= Codex Scardensis =

Codex Scardensis or Skarðsbók postulasagna (Reykjavík, Stofnun Árna Magnússonar, SÁM 1 4to) is a large Icelandic manuscript containing Old Norse-Icelandic sagas of the apostles. It is, along with Flateyjarbók, one of the largest 14th century manuscripts produced in Iceland. The manuscript was written in c.1360 at the house of canons regular at Helgafell for Ormr Snorrason. From 1401 to 1807 it was housed at the church in Skarð. From 1827 until 1890 it was considered lost, with its printed edition being based on copies made in the 18th century. The manuscript returned to Iceland in 1965 after being purchased at Sotheby's in London by a consortium of Icelandic banks.

== Contents ==
As catalogued at Handrit.is, the manuscript contains the following texts:

- Tíundargerð á Skarðsströnd 1507-1523 (1r-1r)
- Máldagi kirkjunnar á Skarði á Skarðsströnd 1533 (1r-1r)
- Péturs saga postula (1v-27v)
- Páls saga postula (27v-36r)
- Andrés saga postula (36v-39v)
- Tveggja postula saga Jóns og Jakobs (40r-81v)
- Tómas saga postula (82r-85v)
- Filippus saga postula (85v-86ra)
- Jakobs saga postula (86ra-86rb)
- Barthólómeus saga postula (86rb-88v)
- Matthías saga postula (88v-89r)
- Tveggja postula saga Símonar og Júdasar (89r-92r)
- Mattheus saga postula (92r-94v)
- Máldagi kirkjunnar á Skarði 1401 (94vb-95ra)
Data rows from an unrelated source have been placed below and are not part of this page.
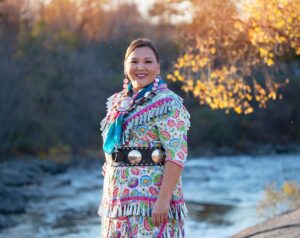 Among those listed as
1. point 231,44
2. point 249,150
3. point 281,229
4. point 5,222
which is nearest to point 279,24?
point 231,44

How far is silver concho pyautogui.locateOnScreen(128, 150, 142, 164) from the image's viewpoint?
4125 mm

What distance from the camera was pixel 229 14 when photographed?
10219mm

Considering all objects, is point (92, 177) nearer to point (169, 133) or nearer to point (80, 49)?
point (80, 49)

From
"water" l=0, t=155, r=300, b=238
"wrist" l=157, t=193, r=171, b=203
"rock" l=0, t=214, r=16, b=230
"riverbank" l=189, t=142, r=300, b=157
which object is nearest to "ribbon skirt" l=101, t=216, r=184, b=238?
"wrist" l=157, t=193, r=171, b=203

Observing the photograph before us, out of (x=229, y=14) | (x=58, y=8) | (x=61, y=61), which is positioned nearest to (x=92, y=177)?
(x=61, y=61)

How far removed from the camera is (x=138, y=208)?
13.4ft

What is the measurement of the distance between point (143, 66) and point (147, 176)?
0.64 meters

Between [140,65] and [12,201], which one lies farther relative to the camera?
[12,201]

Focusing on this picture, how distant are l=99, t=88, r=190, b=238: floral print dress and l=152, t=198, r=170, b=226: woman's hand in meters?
0.07

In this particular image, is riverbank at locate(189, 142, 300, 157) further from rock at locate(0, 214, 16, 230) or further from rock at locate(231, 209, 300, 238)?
rock at locate(231, 209, 300, 238)

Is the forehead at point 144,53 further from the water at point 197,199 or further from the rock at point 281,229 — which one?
the water at point 197,199

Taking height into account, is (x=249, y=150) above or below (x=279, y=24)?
above

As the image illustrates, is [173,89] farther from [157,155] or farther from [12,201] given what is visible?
[157,155]

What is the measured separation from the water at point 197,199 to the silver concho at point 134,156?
346 inches
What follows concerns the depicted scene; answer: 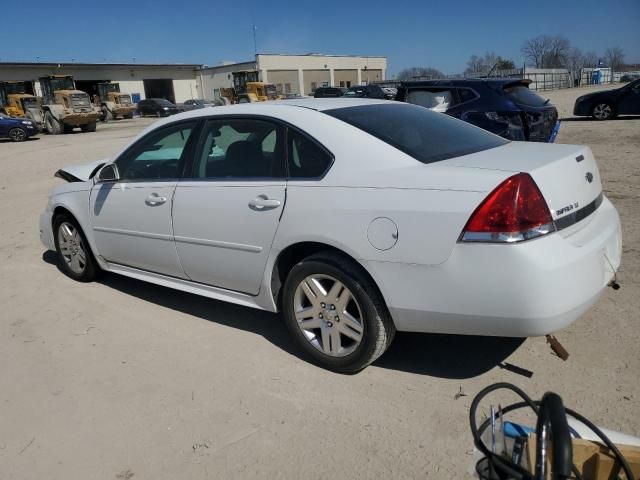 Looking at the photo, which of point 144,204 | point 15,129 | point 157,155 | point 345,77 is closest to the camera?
point 144,204

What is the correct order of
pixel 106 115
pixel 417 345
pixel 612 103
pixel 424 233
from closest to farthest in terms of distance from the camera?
pixel 424 233 < pixel 417 345 < pixel 612 103 < pixel 106 115

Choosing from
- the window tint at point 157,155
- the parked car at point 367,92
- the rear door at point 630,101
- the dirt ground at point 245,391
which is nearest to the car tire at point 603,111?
the rear door at point 630,101

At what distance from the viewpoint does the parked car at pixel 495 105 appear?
7.77 m

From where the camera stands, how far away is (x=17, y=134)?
25906 millimetres

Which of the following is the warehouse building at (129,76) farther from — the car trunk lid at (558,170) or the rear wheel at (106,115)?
the car trunk lid at (558,170)

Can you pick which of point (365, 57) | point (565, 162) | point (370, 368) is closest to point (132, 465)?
point (370, 368)

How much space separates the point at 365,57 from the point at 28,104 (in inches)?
2657

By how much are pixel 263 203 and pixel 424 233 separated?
3.53 ft

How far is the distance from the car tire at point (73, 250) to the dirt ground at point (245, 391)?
0.53 m

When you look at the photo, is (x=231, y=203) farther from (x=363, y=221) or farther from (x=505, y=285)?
(x=505, y=285)

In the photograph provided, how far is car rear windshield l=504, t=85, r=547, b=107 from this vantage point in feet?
26.4

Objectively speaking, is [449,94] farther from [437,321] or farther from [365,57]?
[365,57]

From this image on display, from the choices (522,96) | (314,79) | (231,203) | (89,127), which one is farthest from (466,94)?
(314,79)

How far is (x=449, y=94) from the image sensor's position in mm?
8398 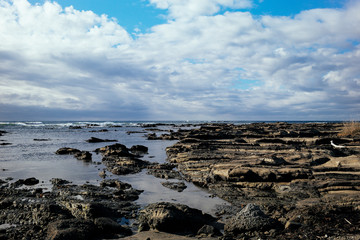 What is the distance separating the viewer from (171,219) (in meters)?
6.18

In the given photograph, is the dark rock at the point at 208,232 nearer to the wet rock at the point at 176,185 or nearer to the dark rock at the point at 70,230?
the dark rock at the point at 70,230

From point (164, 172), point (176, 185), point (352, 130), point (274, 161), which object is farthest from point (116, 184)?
point (352, 130)

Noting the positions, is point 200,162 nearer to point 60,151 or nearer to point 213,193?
point 213,193

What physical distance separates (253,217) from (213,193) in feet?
12.4

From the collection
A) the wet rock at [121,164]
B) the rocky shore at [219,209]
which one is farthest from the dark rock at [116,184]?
the wet rock at [121,164]

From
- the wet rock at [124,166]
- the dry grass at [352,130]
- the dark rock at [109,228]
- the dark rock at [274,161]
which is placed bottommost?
the wet rock at [124,166]

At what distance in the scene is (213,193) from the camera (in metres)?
9.62

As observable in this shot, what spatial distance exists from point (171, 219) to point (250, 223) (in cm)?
191

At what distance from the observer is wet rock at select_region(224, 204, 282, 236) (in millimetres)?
5730

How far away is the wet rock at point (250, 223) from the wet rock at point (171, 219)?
0.82 meters

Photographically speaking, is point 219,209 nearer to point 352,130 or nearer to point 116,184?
point 116,184

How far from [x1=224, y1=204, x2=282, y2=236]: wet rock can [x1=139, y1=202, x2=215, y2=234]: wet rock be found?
2.67 feet

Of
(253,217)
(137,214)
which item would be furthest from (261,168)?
(137,214)

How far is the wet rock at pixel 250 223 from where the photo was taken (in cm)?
→ 573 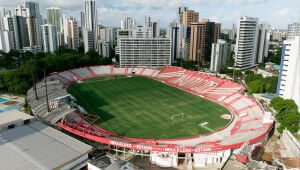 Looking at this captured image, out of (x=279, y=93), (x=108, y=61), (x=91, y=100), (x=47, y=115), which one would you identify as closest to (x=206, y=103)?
(x=279, y=93)

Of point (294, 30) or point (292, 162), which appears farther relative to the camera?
point (294, 30)

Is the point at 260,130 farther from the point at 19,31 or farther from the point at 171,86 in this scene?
the point at 19,31

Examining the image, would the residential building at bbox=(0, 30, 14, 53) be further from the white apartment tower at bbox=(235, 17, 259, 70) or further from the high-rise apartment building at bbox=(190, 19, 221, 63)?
the white apartment tower at bbox=(235, 17, 259, 70)

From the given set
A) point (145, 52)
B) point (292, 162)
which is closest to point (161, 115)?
point (292, 162)

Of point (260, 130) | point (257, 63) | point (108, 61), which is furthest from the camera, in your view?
point (257, 63)

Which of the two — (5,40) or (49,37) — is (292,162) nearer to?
(49,37) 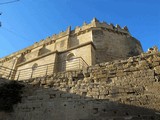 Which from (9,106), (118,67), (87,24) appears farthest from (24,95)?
(87,24)

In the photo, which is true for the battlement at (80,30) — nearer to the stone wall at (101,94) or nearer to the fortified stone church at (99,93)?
the fortified stone church at (99,93)

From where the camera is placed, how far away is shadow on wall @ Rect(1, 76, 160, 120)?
546 centimetres

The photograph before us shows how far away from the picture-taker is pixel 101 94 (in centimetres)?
617

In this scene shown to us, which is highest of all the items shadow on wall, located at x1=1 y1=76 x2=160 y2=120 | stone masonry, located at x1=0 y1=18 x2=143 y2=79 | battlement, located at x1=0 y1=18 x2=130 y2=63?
battlement, located at x1=0 y1=18 x2=130 y2=63

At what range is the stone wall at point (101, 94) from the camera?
5.54 m

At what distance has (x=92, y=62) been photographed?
12.6m

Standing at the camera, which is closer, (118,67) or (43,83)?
(118,67)

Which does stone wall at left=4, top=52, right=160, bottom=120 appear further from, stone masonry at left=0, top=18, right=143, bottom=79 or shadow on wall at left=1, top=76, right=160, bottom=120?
stone masonry at left=0, top=18, right=143, bottom=79

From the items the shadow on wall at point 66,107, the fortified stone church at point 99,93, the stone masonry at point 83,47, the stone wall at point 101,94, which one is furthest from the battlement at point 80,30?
the shadow on wall at point 66,107

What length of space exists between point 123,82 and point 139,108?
3.47 feet

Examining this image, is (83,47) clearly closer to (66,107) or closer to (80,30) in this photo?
(80,30)

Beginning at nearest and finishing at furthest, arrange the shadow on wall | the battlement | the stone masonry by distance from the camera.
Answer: the shadow on wall → the stone masonry → the battlement

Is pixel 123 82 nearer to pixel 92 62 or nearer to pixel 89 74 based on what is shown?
pixel 89 74

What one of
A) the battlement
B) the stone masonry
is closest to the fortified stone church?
the stone masonry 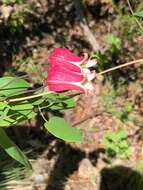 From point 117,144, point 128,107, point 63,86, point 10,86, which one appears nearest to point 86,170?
point 117,144

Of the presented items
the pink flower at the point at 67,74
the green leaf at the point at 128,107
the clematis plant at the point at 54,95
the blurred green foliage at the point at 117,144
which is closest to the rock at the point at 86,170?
the blurred green foliage at the point at 117,144

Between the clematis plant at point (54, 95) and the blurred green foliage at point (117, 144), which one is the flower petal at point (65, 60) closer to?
the clematis plant at point (54, 95)

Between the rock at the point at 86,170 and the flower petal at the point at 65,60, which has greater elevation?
the flower petal at the point at 65,60

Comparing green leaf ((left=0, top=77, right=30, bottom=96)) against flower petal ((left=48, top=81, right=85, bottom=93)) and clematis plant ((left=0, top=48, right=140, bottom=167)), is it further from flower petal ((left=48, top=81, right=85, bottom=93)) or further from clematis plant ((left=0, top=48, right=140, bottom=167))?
flower petal ((left=48, top=81, right=85, bottom=93))

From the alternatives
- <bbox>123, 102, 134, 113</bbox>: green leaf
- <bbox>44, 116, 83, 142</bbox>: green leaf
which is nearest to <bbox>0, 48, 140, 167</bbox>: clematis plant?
<bbox>44, 116, 83, 142</bbox>: green leaf

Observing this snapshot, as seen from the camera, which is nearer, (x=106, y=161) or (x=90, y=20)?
(x=106, y=161)

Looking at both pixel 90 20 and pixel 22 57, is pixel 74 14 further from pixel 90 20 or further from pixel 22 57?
pixel 22 57

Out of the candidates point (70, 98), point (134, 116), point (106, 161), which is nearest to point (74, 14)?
point (134, 116)
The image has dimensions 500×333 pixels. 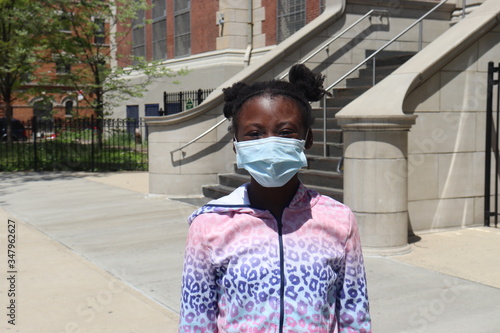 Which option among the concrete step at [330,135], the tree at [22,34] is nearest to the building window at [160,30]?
the tree at [22,34]

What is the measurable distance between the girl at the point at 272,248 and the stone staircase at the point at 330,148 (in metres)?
6.16

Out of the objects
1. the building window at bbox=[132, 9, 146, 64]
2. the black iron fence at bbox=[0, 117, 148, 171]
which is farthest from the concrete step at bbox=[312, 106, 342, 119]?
the building window at bbox=[132, 9, 146, 64]

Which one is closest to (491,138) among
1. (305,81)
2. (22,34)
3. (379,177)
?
(379,177)

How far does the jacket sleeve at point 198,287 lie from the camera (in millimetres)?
2076

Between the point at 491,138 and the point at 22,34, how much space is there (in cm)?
1433

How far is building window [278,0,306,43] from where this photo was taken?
20.3m

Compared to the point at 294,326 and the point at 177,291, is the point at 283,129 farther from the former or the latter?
the point at 177,291

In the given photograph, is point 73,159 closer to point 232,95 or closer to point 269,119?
point 232,95

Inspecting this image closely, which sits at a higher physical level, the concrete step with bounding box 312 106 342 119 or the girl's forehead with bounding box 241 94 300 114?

The first two and final entries are later additions to the manuscript. A large part of the text (folios 1-81) appears to be based on manuscripts made not much earlier than Codex Scardensis itself. Tveggja postula saga Jóns og Jakobs, for example, is copied from AM 239 fol. which is only a few years older than Codex Scardensis. The texts later in the manuscript appear, on orthographic and stylistic evidence, to be based on older works. These stay closer to their Latin exemplars, whereas the younger texts add in extra material.

== History of ownership ==
Codex Scardensis was likely written in around 1360 at the monastery at Helgafell for Ormr Snorrason, a lawman and chief who inherited the estate of Skarð in 1322. Folio 94v. of the manuscript contains a note which records that in 1401 Ormr Snorrason "gave and delivered" the manuscript to the church at Skarð. However, a document from 1397 notes that the ownership of the manuscript was split between the church at Skarð and a "resident farmer". Ormr Snorrason's donation in 1401 appears to have been of his share of the manuscript.

Árni Magnússon wanted to purchase the manuscript but was unable to, despite the owners allowing him to gather other manuscripts and fragments from their collections. He was, however, allowed to borrow the manuscript from 1710 to 1712, during which time it was copied by one of his scribes. These copies (AM 628 4to, AM 631 4to and AM 636 4to) formed the basis of Carl Richard Unger's edition of the sagas of the apostles.

The last time the manuscript was mentioned in the inventories of Skarð church was in 1807. In 1827 it was recorded that "The Lives of the Apostles on vellum are now not to be found." The codex reappears on record in 1836, when Thomas Thorpe offered it for sale in London. Nothing is known about the manuscript's whereabouts between 1807 and 1836, but Benedikz has suggested that it may have left Skarð "as a peace-offering to Magnús Stephensen".

The codex was bought from Thorpe in November 1836 by the private book-collector Sir Thomas Phillipps. Phillipps produced a catalogue of the 23,837 manuscripts in his collection. Only 50 copies of this were printed, and it was through this that the Codex Scardensis's location became known to the world of Old Norse scholarship again.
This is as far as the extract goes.